Critically, it comes down to making sure that e-v-e-r-y participant in the entire exchange knows how to route the traffic (and knows to accept it).

(Whew! And I initially thought that this would be a short post!!)

HTH™ ...!!

sundialsvcs · 11-29-2016, 10:58 AM

I would like to add to this thread an explanation of a problem that I recently encountered, and how I diagnosed and fixed it.

The Problem:
Users at a remote (10.30.40.xx) could connect to a service on the cloud server (10.44.55.11) that was also running OpenVPN, but could not connect to a service on a different machine within the virtual subnet (10.44.55.33) , although they were pushed a route to it. In that case, the server "took too long to respond."

On "my" machine, which happens to use a direct OpenVPN client, I was able to reach all servers instantly.

Evidence Gathered:
traceroute from the remote side to the destination machine could be seen reaching the local OpenVPN server and being sent to the correct address, but after this hop, the route stalled.

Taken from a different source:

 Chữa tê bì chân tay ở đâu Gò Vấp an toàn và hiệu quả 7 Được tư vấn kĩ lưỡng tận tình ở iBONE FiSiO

The specific hop that was failing was from 10.44.55.11 to 10.44.55.33. Since these servers can reach one another directly, it had to be a problem with the packets being unable to return.

Explanation:
The packets made it to the destination machine (10.44.55.33) on the cloud side), but they didn't know how to make it home. The packets bore a sender-address of, say, 10.30.40.16, but there was no route command telling this server (10.44.55.33) to forward this traffic back to the OpenVPN machine (10.44.55.11). So, the packets got thrown onto the Internet by way of the default route, where they vanished into the gloom because these are non-routable addresses.

There was a routing command that covered the IP-address range used for the participants in the OpenVPN network itself (10.8.0.xx), which is the address-range that "my" machine would be using because I'm running an OpenVPN client directly. This is why "my" machine could see all of the servers.

Resolution:
Add the following command to /etc/network/interfaces on 10.44.55.33, specifying the appropriate address and interface. (This is the same routing that already necessarily existed for the 10.8.0.xx subnet.) In this example, the OpenVPN server is on 10.44.55.11 and is reached through interface ens35. This directive will cause this route command to be issued each time this interface is brought up in the future.

Quote:

ifup route add -net 10.20.30.0 netmask 255.255.254.0 gw 10.44.55.11 dev ens35

If you are fixing the problem on-the-spot, you'll need to also issue a one-time route command to establish this route "right now." (Omit ifup.) You do not need to bring the interface down or up: as soon as this computer knows where to forward this traffic, the problem is solved.

To clarify:

OpenVPN traffic that originates from a directly connected user, who is running an OpenVPN client on his own machine, will bear a return-address in the range used by OpenVPN to denote such users: e.g. 10.8.0.xx. (The traffic goes immediately into the tunnel-device on their machine.) There must be a route on all machines to which an OpenVPN user might connect, to send their traffic back to the OpenVPN server for delivery.
But traffic from an indirectly connected user, who is using an OpenVPN router on their remote subnet, will bear the return address of their machine within that subnet. These packets, too, must be routed home back to the OpenVPN server machine for final delivery. And, as is the case with all remote subnets, the IP-address ranges on both sides must be distinct.
If you find that "traceroute stalls," spitting out rows of asterisks, this is a dead giveaway that you have a return-routing problem at that point (the packets get there, but they don't know how to get home).